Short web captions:

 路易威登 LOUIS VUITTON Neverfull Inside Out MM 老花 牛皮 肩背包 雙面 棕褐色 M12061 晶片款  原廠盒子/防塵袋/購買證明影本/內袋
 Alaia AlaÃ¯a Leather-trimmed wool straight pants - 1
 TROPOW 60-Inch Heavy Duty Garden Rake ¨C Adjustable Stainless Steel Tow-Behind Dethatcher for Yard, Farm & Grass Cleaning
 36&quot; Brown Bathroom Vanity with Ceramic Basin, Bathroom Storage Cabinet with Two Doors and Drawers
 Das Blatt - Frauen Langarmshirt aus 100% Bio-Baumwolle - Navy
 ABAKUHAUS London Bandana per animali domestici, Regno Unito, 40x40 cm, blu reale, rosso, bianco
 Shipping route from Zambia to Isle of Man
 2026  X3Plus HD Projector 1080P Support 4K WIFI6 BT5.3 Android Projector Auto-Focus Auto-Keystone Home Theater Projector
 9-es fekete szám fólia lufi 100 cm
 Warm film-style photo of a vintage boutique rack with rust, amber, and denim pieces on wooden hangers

• [PROBLEM]
From the data above, gather every line that includes the word "with".

• [ANSWER FOR THE TASK]
 36&quot; Brown Bathroom Vanity with Ceramic Basin, Bathroom Storage Cabinet with Two Doors and Drawers
 Warm film-style photo of a vintage boutique rack with rust, amber, and denim pieces on wooden hangers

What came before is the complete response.